- **What you will do**:
The data below calls for an exact copy.

Items from a data source:
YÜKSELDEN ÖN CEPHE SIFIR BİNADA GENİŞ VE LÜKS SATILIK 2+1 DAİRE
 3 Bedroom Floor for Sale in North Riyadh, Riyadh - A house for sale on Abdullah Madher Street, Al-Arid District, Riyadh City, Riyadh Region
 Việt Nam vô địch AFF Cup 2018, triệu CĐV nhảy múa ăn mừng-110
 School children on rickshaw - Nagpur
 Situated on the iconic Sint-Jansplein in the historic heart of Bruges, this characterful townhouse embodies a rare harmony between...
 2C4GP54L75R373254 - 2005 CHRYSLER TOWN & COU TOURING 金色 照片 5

- **Answer to this exercise**:
YÜKSELDEN ÖN CEPHE SIFIR BİNADA GENİŞ VE LÜKS SATILIK 2+1 DAİRE
 3 Bedroom Floor for Sale in North Riyadh, Riyadh - A house for sale on Abdullah Madher Street, Al-Arid District, Riyadh City, Riyadh Region
 Việt Nam vô địch AFF Cup 2018, triệu CĐV nhảy múa ăn mừng-110
 School children on rickshaw - Nagpur
 Situated on the iconic Sint-Jansplein in the historic heart of Bruges, this characterful townhouse embodies a rare harmony between...
 2C4GP54L75R373254 - 2005 CHRYSLER TOWN & COU TOURING 金色 照片 5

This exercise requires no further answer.